Measuring Action Learning Projects in Public Sector Leadership Development

Action learning projects in leadership development have continued as an important development tool for many organizations. It was a recent topic in the Imagining the Future of Leadership blog series hosted by Harvard Business Review in one blog post by Trina Soske and Jay A. Conger titled "Its Time to Focus Executive Development on Real Business Issues."

In the blog, Soske and Conger make the case that...

"The complexity, interconnectedness and transparency of today's organizations mean that no one individual can get much accomplished by themselves. Most challenges and opportunities are systemic. Leadership is distributed and change now requires a collective sense and a coordinated set of actions."

My team enables a key leadership development program named GEMSTONE. The intent of the program is to take the best and brightest leaders at the Defense Intelligence Agency (DIA) and create the next generation of DIA leaders. Like many other leadership development programs, GEMSTONE utilizes action learning principles through Capstone projects to enable key program goals. These include skill development, collaboration and team building, and critical and creative thinking.

Key aspects of the Capstone projects are their alignment to a specific Directorate (Business unit equivalent in private sector) with senior executive sponsorship. Through a series of conversations with Directorate senior executives, we are able to determine key challenges facing the organization that are within the control and authority of that senior executive to take action.

Our Capstone projects lead to a series of project recommendations. The senior executive sponsor has one of four options:

1. The project plan is accepted, a team is formed and funding is procured;
2. Interesting elements of a plan are evaluated further;
3. The project plan is accepted but staged for future investment; or,
4. The project is halted because the timing or investment is not right.

The intent of GEMSTONE is not unlike other private sector leadership development programs. Cisco's Executive-Action Learning Forum is a case in point. Led by Annmarie Neal, vice president of the Cisco Center for Collaborative Leadership, the program looks to accomplish the following:

"While executive leadership programs are common, the Cisco Center for Collaborative Leadership – known as "3C" – is unusual in how it implements such teachings. As part of the program, Neal's team helped design Cisco's Executive Action Learning Forum (E-ALF). In E-ALF, five to six teams of 10 promising executives work together to build the strategy and tactics for addressing crucial business issues that have $1 billion in potential revenue generation or cost-savings. In most cases, the work of the teams leads directly to major initiatives the company implements. Each program has at least one senior executive sponsor."

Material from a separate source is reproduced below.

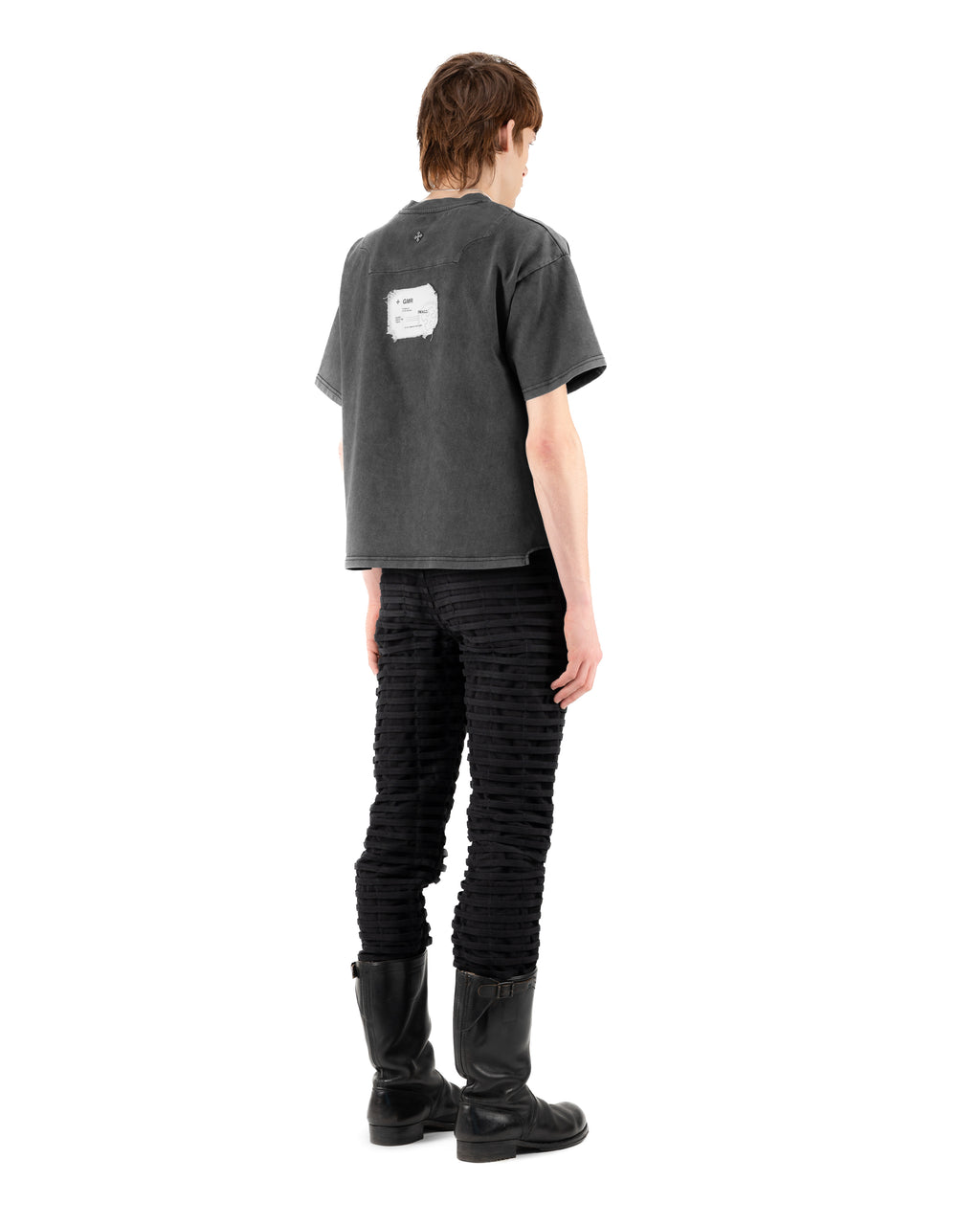 T-shirt 01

Key differences between measuring the impact of action learning projects between the private sector and public sector is the revenue generation measurement component. In Cisco's case, addressing crucial business issues that have $1 billion potential in revenue generation is a key metric. Since public sector doesn't engage in revenue generation, we have to focus measurement in other areas that also show impact and program effectiveness.

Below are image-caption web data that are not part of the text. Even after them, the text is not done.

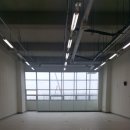 송도밸리 공인중개사사무소 이미지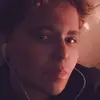Sally_sternchen - @sally_sternchen - TikTok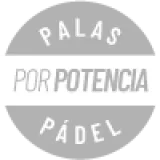 Por PODER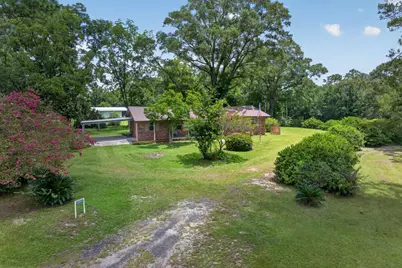 18040 N US Highway 331, Defuniak Springs, FL 32433 - Photo 44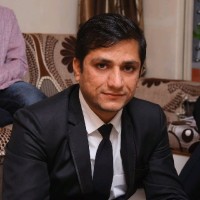 Satish Sutariya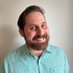Paul Kleiman (@paulkleiman4) Twitter profile photo Paul Kleiman (@paulkleiman4) Twitter profile photo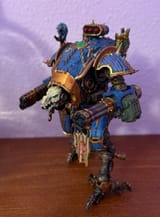 brigand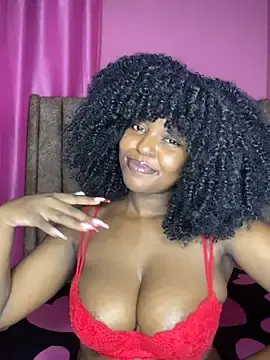 Cherrygleam  live sex cam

Key areas to measure for GEMSTONE and other public sector programs include the following:

1. The number of organizational challenges addressed - Tracking the number of challenges is really just a first step. If recommendations are accepted by the senior executive sponsor on aspects of mitigating the challenges to improve organizational efficiency and/or effectiveness, ultimately measuring these outcomes and their impact are the goal.
2. Resource optimization - In the public sector, optimizing resources to enable more efficient use of the taxpayer investment are important. Measuring these types of outcomes may enable investment in new capabilities to overcome other organizational challenges.
3. Project alignment to organizational strategy - In many organizations, just aligning projects to the strategic goals of the organization can be extremely helpful. In some organizations, leaders can't always see the alignment.
4. Social Network Analysis - Creating leaders of the future as Soske and Conger discuss is about collaborative and collective engagement. Bringing
together future leaders from across the organization should lead to measurable improvement in collaboration and communication that are critical for the future success of organizations.

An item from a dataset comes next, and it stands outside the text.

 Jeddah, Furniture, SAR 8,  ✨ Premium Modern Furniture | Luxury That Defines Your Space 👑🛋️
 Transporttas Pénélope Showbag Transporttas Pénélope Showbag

The benefits of action learning projects are well established in leadership development. Now take the next steps to align the impact of this helpful tool to developing your future leaders in the public sector and the key metrics that tell the story of its impact on the organization.


Twitter: JKeithDunbar
DNA of Human Capital:


  1. Keith

    I hope you don't mind - I've posted your blog with web link to find the original - into the learning forum we're hosting for WIAL UK at:

    You've addressed issues that many are interested in.


  2. Hi Eric...Happy to help the profession. Please let me know if I can help with more context.